TASK TO CARRY OUT →
Of all the lines in the entries below, give again exactly those starting at the line containing "Health care concept" and ending at the line containing "Crowd of fans wearing red jerseys in stadium", both ends included, and no others.

SUPPLIED INFORMATION →
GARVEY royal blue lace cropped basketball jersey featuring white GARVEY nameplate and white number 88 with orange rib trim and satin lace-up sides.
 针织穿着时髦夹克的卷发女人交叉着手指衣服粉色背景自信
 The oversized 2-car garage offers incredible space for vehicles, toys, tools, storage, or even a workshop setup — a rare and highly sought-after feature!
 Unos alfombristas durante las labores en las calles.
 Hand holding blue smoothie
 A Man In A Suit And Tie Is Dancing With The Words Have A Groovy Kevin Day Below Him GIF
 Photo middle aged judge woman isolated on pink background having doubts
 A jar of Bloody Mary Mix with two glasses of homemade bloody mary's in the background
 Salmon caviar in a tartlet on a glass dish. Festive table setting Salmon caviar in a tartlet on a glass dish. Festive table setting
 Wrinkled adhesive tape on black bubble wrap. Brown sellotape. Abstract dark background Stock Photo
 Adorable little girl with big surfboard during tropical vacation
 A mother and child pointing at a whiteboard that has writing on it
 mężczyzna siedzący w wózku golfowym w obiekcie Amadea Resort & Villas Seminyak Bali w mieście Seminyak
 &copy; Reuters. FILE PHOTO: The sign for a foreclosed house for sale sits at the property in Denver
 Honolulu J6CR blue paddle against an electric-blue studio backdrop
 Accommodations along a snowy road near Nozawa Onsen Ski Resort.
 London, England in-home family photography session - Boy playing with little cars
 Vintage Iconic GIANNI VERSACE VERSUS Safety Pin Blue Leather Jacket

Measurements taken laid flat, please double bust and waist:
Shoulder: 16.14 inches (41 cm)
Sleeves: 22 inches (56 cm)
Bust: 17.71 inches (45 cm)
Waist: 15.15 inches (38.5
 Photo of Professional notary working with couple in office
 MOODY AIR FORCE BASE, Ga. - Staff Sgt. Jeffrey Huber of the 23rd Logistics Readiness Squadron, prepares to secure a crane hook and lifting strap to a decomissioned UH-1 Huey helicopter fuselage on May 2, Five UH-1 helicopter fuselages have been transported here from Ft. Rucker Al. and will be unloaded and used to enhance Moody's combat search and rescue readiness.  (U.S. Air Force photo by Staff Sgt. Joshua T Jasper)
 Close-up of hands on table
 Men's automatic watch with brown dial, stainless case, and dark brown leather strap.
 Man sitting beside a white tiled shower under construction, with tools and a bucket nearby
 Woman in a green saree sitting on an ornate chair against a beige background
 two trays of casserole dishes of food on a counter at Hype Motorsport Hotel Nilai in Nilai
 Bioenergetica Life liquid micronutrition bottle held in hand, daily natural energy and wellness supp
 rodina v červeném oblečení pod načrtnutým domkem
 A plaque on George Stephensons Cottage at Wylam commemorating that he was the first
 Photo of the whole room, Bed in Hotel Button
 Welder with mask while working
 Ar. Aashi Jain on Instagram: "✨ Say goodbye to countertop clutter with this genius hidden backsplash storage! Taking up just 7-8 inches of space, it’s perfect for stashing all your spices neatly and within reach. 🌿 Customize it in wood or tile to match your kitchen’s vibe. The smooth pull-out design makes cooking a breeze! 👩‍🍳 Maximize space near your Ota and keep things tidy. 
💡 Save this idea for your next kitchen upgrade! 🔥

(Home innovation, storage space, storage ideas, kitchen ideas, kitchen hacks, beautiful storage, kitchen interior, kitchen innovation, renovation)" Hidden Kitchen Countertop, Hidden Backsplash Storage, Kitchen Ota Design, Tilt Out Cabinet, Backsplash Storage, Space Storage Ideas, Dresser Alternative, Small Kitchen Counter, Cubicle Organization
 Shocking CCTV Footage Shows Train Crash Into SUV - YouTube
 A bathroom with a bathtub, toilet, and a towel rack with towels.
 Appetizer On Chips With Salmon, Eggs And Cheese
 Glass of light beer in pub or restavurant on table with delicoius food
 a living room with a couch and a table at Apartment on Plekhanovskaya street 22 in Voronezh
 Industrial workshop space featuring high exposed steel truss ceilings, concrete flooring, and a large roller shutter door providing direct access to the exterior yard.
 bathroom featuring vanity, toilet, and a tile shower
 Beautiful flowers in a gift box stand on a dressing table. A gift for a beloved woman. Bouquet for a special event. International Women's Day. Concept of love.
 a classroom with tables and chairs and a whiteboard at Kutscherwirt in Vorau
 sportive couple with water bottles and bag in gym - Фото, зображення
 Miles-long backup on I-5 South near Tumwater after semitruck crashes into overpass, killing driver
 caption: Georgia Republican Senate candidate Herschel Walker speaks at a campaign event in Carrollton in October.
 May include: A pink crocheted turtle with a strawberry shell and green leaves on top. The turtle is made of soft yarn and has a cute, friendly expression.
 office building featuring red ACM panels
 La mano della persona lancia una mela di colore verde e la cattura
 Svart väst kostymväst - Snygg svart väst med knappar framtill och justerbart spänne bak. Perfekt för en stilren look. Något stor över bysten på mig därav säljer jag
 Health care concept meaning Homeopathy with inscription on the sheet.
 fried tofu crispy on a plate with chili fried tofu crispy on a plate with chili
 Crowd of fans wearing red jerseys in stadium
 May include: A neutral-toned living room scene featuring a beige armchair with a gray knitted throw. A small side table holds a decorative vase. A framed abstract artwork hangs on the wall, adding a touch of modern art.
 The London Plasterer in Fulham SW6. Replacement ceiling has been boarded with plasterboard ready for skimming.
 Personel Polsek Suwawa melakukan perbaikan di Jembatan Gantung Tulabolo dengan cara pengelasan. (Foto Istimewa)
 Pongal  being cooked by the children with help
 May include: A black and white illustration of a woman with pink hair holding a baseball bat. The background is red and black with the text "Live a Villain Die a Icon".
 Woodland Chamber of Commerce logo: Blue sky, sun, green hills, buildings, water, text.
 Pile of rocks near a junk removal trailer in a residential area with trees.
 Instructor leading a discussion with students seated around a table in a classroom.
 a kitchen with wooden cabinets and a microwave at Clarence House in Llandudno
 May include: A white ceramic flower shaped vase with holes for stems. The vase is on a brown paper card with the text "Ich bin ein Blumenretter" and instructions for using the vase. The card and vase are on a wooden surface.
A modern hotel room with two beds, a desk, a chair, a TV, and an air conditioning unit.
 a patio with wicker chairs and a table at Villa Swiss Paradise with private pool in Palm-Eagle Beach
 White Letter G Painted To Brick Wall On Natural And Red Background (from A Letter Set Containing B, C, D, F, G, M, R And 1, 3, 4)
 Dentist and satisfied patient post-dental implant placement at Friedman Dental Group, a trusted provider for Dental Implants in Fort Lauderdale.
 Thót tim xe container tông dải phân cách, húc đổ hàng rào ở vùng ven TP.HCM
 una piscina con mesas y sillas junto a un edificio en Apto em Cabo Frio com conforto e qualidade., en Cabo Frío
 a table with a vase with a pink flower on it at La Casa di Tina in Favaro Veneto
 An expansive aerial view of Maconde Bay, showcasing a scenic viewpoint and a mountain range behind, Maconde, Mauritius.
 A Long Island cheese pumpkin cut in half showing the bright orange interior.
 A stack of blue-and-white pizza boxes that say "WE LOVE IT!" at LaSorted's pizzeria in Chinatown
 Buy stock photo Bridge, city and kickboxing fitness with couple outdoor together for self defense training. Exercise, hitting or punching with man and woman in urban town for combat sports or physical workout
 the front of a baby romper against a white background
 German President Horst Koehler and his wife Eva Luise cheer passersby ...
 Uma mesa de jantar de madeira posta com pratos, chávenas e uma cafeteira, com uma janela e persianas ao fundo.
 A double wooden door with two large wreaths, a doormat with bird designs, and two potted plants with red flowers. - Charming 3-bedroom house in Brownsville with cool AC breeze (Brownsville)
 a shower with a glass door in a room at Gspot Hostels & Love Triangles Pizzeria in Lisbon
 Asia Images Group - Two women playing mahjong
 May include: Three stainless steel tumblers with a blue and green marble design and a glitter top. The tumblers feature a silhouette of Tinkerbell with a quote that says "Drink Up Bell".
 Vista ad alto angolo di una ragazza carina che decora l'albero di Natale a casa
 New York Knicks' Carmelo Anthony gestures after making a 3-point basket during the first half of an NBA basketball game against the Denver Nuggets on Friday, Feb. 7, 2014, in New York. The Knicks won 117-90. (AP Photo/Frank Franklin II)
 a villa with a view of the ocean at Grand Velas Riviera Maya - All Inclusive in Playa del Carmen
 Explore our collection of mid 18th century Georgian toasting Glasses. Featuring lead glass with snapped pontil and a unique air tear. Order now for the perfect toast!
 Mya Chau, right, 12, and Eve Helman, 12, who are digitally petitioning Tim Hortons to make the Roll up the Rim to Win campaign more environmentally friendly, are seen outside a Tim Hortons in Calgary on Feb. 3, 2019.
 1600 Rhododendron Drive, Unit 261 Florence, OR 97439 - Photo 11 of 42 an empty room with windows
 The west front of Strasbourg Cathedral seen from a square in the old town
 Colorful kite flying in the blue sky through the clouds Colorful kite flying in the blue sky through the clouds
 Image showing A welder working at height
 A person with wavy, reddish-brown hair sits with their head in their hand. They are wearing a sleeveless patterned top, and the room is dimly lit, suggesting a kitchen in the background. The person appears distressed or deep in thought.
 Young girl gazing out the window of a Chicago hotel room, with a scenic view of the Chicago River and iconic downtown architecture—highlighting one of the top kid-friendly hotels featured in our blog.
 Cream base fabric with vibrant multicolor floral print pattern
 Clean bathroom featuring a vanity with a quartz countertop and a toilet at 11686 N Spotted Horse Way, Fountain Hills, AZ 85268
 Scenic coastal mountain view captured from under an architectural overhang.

RESULT FOR THIS TASK →
 Health care concept meaning Homeopathy with inscription on the sheet.
 fried tofu crispy on a plate with chili fried tofu crispy on a plate with chili
 Crowd of fans wearing red jerseys in stadium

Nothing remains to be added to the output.